This deviates from Ostrom’s principles, but given the ways in which Indigenous communities’ needs and voices have consistently been left out of federal land management decisions, this plan for collaborative stewardship represents a significant shift in the right direction. As the Northern Chumash Tribal Council explains, the CHNMS would establish an important precedent for “elevating Indigenous perspectives and cultural values in ocean conservation.”

LOOKING FORWARD

The CHNMS is not the only recent example of joint federal and Tribal management of traditionally Native territory.

At Bears Ears National Monument in southern Utah, a cooperative agreement has been signed between the Department of the Interior, the U.S. Forest Service, the Bureau of Land Management, the Department of Agriculture, and the Bears Ears Intertribal Coalition: a group of five Native Tribes from the area. The details of the final management plan have yet to be decided upon, but the preferred option maximizes Tribal involvement through collaboration in planning, not just back-end consultation. Such a plan aims at more effective management of this monument, helping to reconcile differences between settler-colonial and Native conceptions of land stewardship.

One key litmus test for whether the CHNMS is truly being managed collaboratively will be the potential future inclusion of Morro Bay, California.

A group of people stand on a beach. One person with long dark hair and a gray shirt touches a second person, dressed in red, on the head with a traditional object made of feathers and leather tassels.

In September 2023, the Northern Chumash Tribal Council held a ceremony in preparation for a rally to support the inclusion of Morro Bay in the proposed marine sanctuary.

Mario Tama/Getty Images

In the sanctuary plan, the Northern Chumash Tribal Council originally advocated to include the bay, home to Lisamu’ or Lesa’mo’, a volcanic rock held sacred by the Chumash and Salinan peoples. However, in part because of pressures from offshore wind farm developers, the final environmental impact statement recently released by NOAA excludes Morro Bay from the sanctuary’s boundaries. The Northern Chumash Tribe and three offshore wind developers agreed to exclude Morro Bay for now so that development can continue, but to advocate for its inclusion in the sanctuary in 2025 once the wind farms are constructed. Time will tell whether NOAA agrees to eventually include Morro Bay in line with the wishes of the Northern Chumash.
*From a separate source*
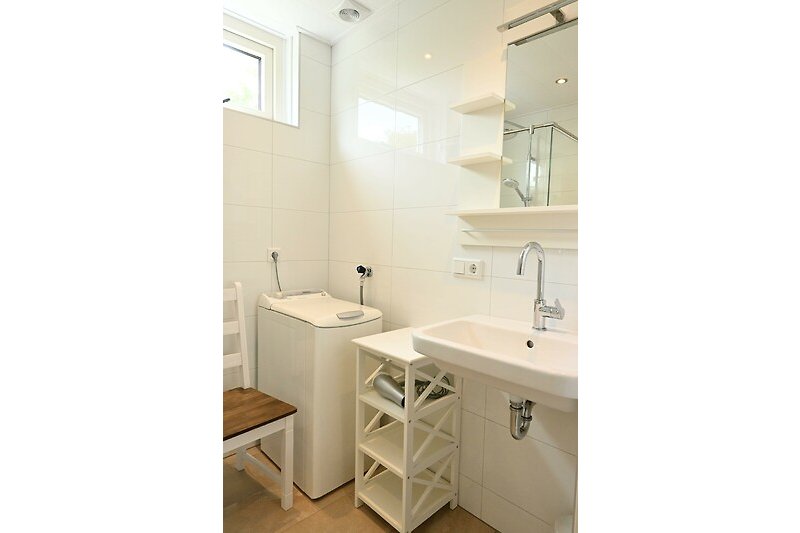 Mooie badkamer met houten vloer, spiegel en wastafel.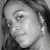 Black-and-white pixelated image of a person's face in profile view with visible hair and ear, cropped closely to the head.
Though imperfect, the CHNMS management plan is an important step toward a more sustainable and just future. While it could align more closely with scientific consensus on sustainable governance of the commons, it goes further than other marine sanctuaries in ensuring ethical and effective management and the re-inclusion of Native peoples in decision-making processes about their own lands.

Combining Tribal Ecological Knowledge and the scientific insights of Ostrom and others, the CHNMS should serve as inspiration for future marine sanctuaries and other protected lands and waters, both in the U.S. and around the world.

 

Editor’s note: To support the successful designation of the CHNMS, the Northern Chumash Tribal Council encourages people to follow along with their efforts, donate, or sign up to volunteer.

Elic Weitzel

Elic Weitzel is a human ecologist and archaeologist who studies sustainable natural resource use and management in the past and present. He is a postdoctoral fellow at the Smithsonian National Museum of Natural History and received his Ph.D. from the University of Connecticut and M.S. from the University of Utah. Follow him on Instagram @elicweitzel and on the social platform X @ElicWeitzel.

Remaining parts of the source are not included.